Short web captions
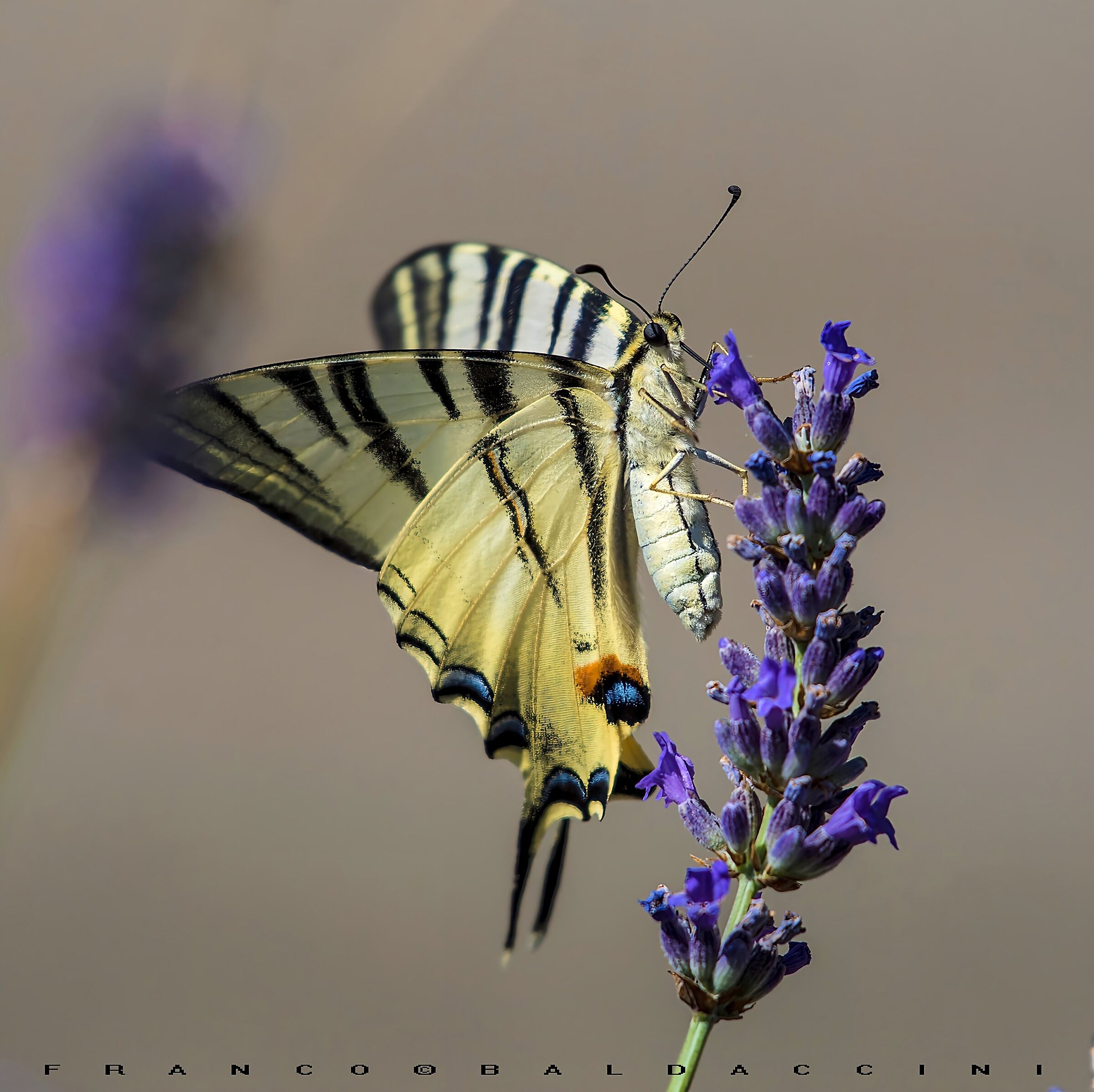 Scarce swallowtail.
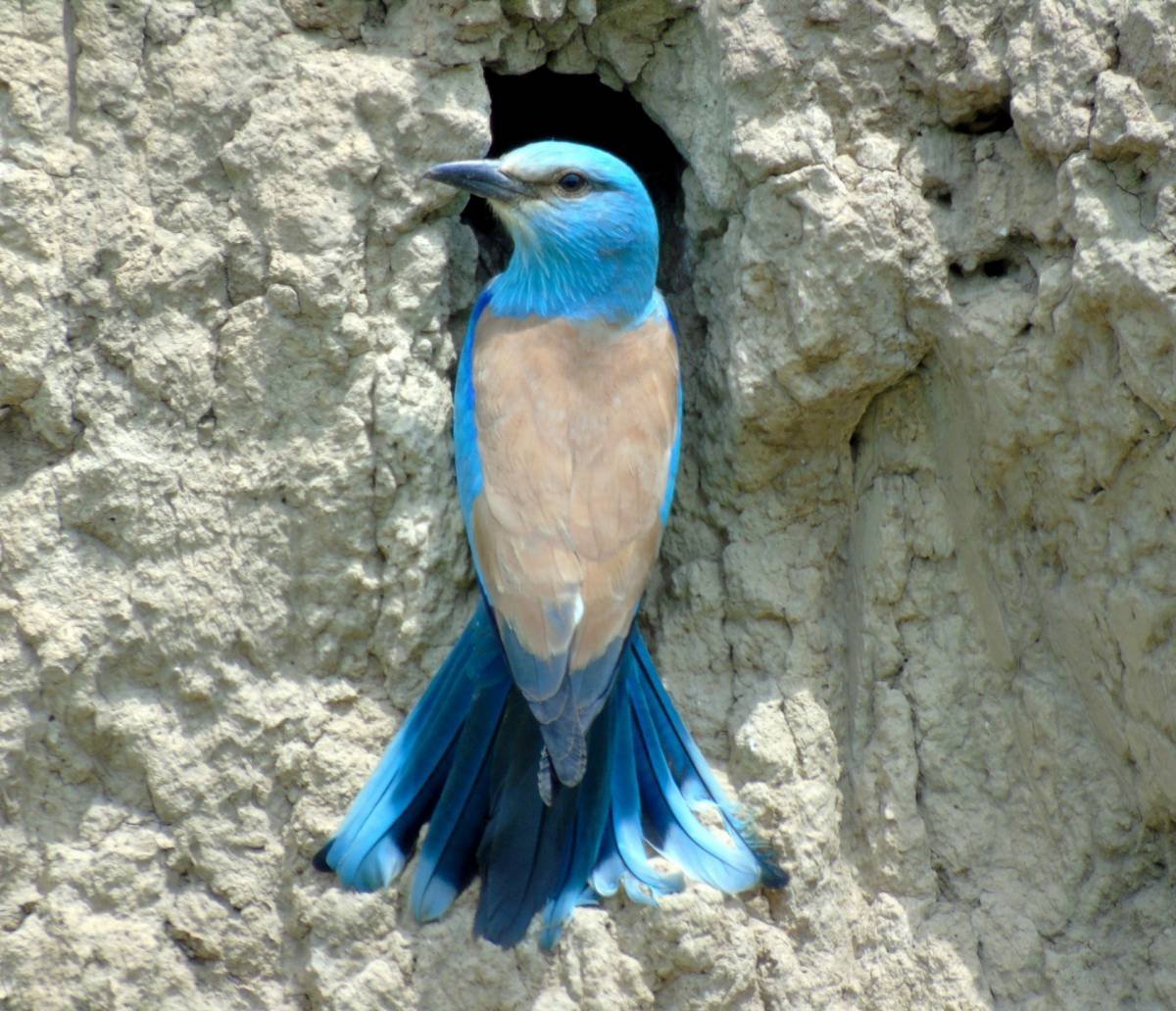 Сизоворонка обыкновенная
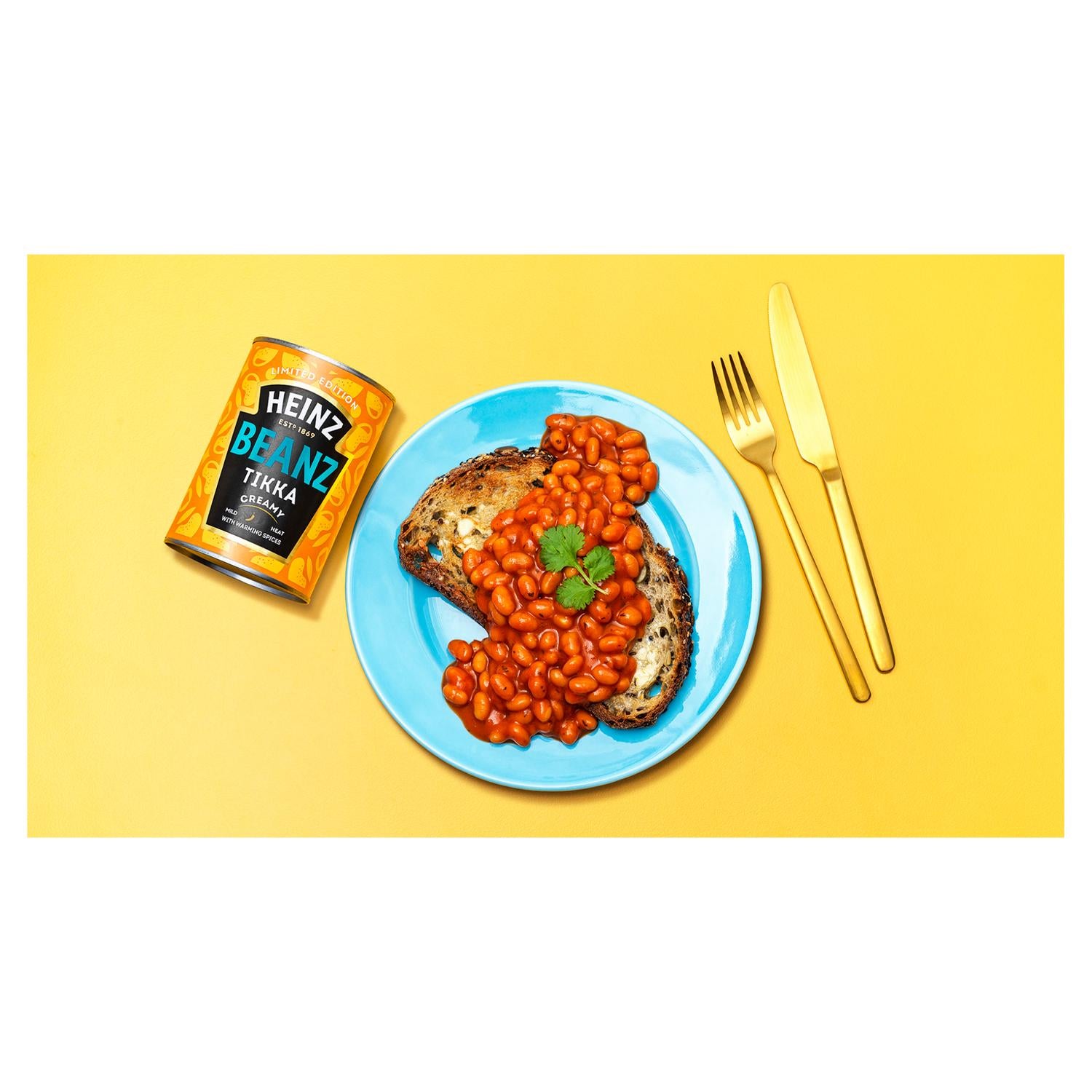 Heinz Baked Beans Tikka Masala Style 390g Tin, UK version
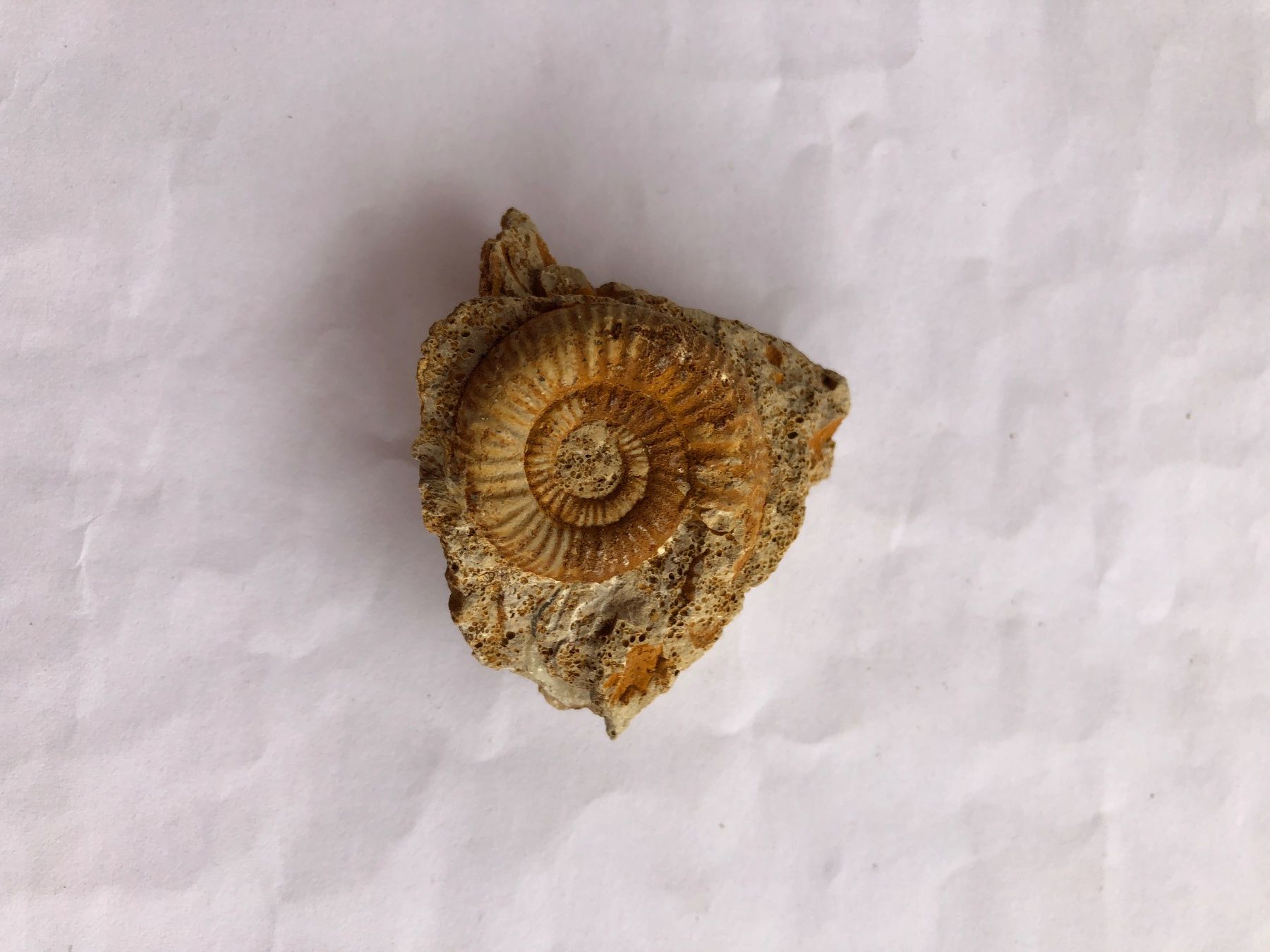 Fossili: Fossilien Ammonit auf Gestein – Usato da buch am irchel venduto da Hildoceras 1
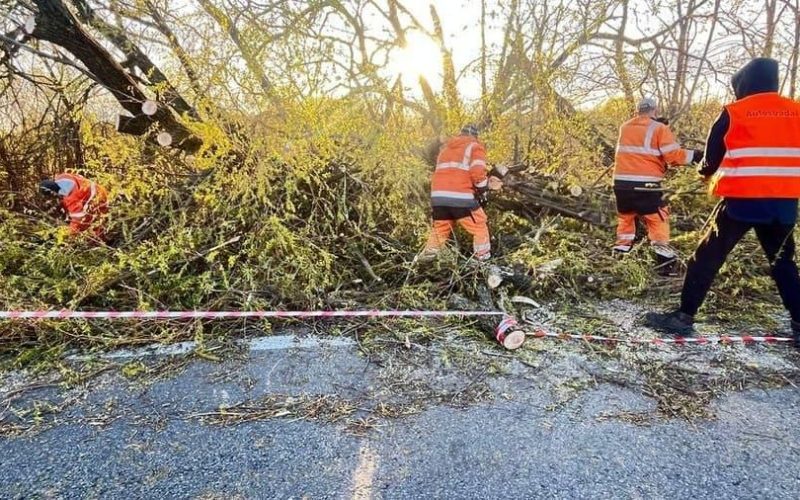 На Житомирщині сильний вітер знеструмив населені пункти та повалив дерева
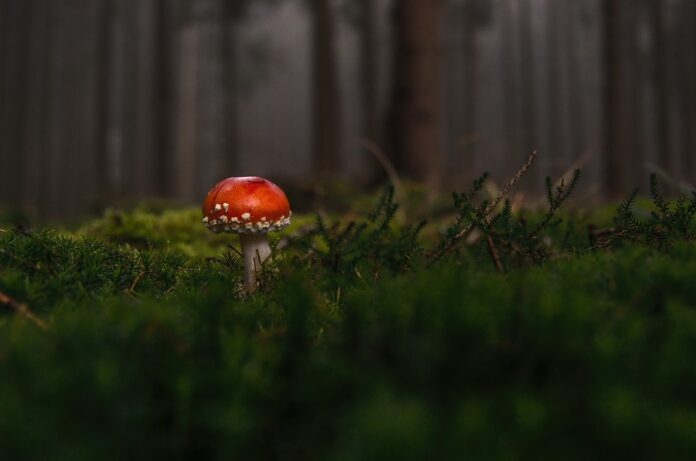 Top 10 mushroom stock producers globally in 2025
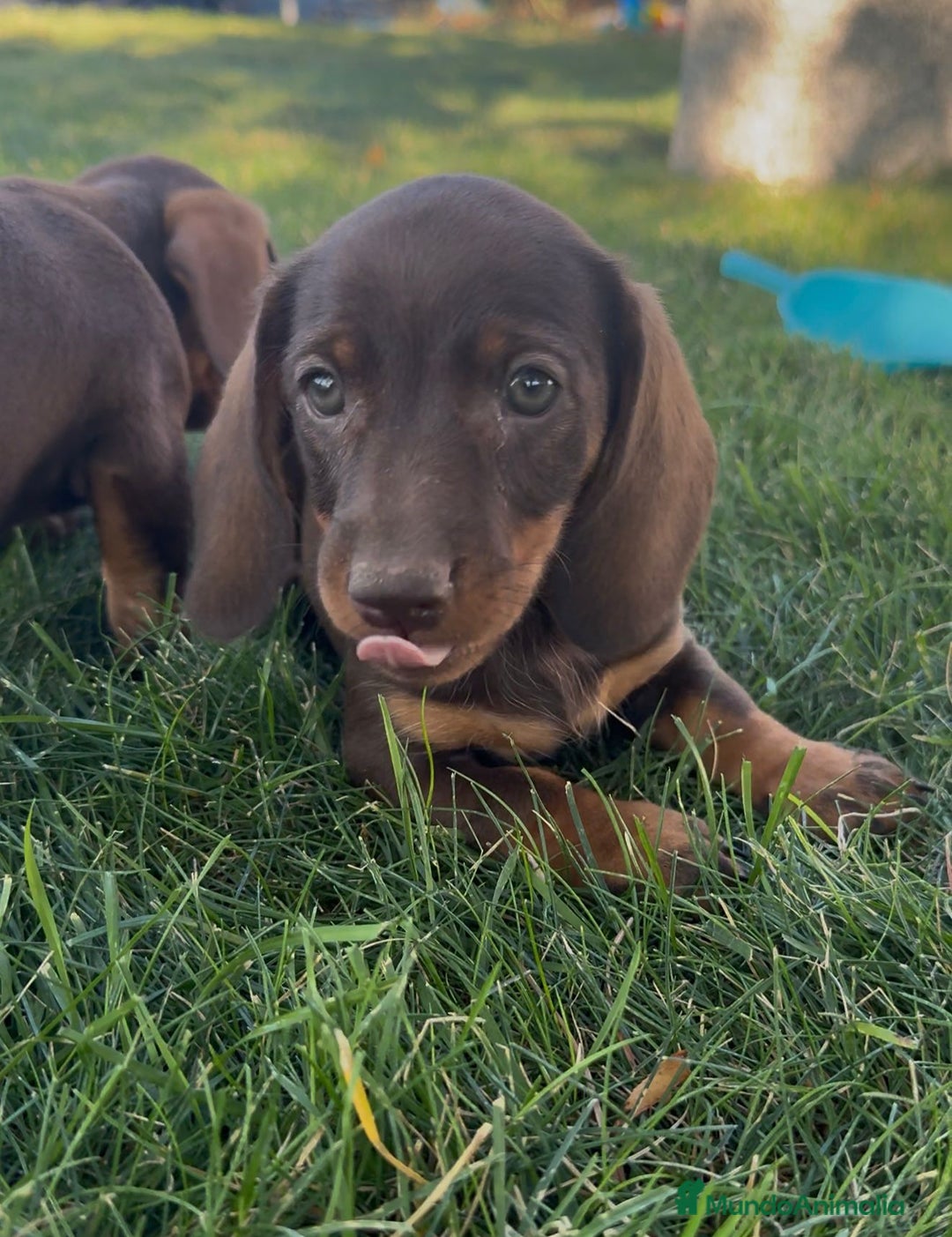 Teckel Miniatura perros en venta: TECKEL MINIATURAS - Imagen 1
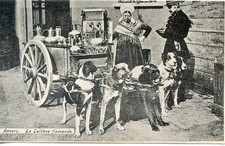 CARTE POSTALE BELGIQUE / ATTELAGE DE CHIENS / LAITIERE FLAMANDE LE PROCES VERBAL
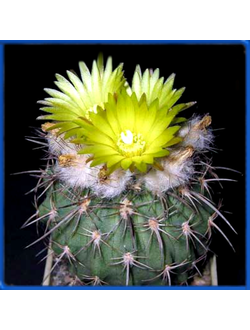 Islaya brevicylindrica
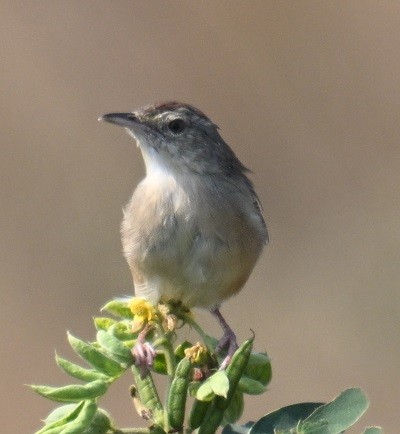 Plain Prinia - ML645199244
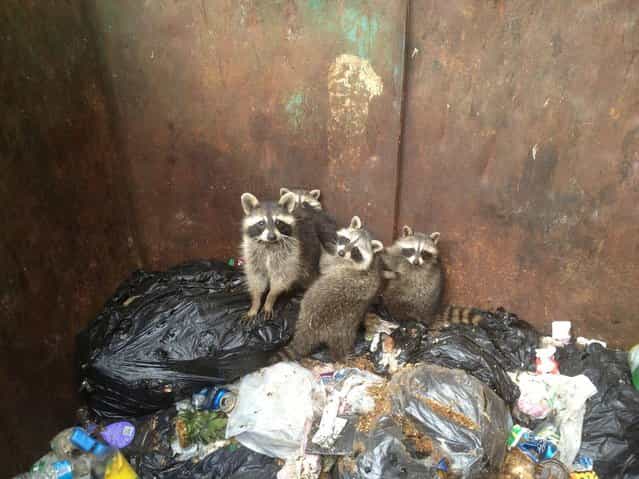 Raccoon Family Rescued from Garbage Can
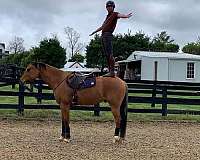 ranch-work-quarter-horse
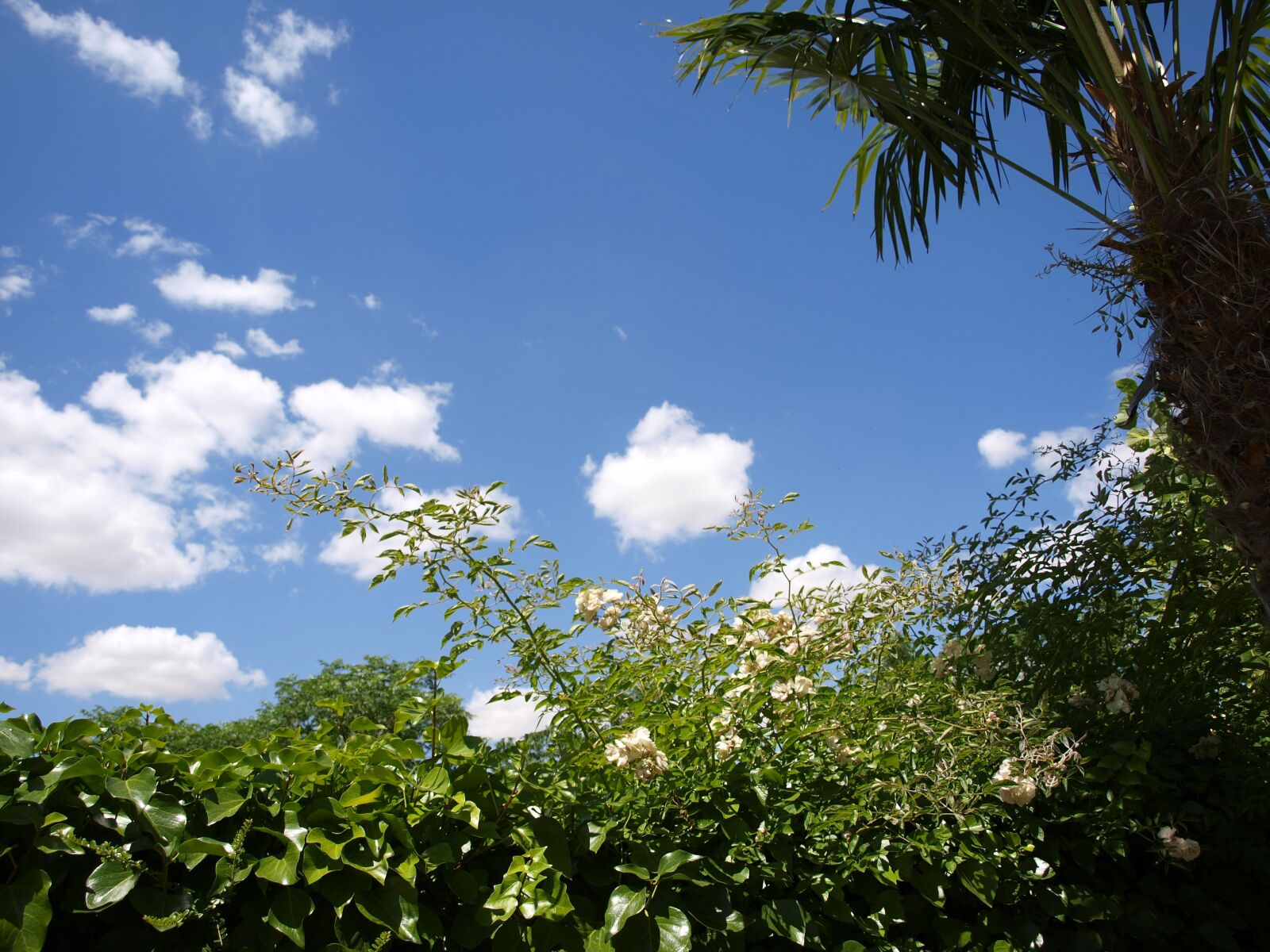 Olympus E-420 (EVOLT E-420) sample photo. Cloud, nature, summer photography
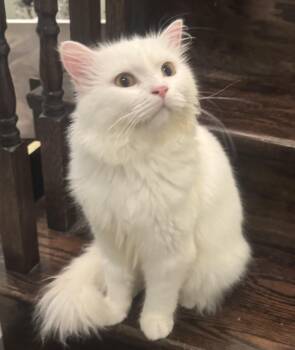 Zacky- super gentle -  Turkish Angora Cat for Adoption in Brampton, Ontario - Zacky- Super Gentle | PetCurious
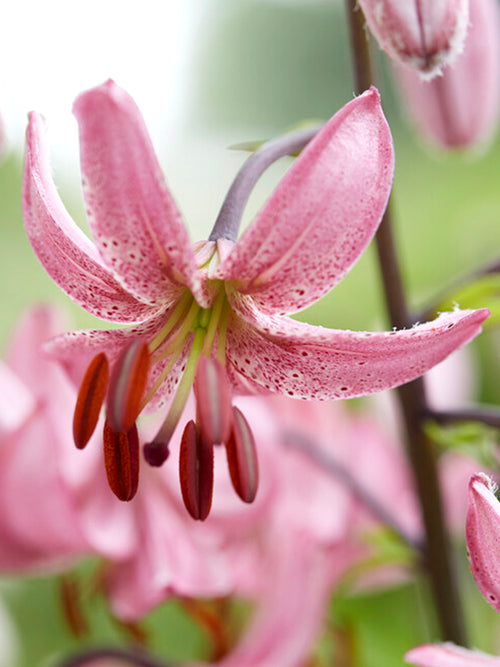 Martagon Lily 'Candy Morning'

◆ **Exercise instructions**:
Each line from the one holding "Heinz Baked Beans" through the last line of the records above must be duplicated exactly, and pictures must not be.

◆ **Answer to this exercise**:
 Heinz Baked Beans Tikka Masala Style 390g Tin, UK version
 Fossili: Fossilien Ammonit auf Gestein – Usato da buch am irchel venduto da Hildoceras 1
 На Житомирщині сильний вітер знеструмив населені пункти та повалив дерева
 Top 10 mushroom stock producers globally in 2025
 Teckel Miniatura perros en venta: TECKEL MINIATURAS - Imagen 1
 CARTE POSTALE BELGIQUE / ATTELAGE DE CHIENS / LAITIERE FLAMANDE LE PROCES VERBAL
 Islaya brevicylindrica
 Plain Prinia - ML645199244
 Raccoon Family Rescued from Garbage Can
 ranch-work-quarter-horse
 Olympus E-420 (EVOLT E-420) sample photo. Cloud, nature, summer photography
 Zacky- super gentle -  Turkish Angora Cat for Adoption in Brampton, Ontario - Zacky- Super Gentle | PetCurious
 Martagon Lily 'Candy Morning'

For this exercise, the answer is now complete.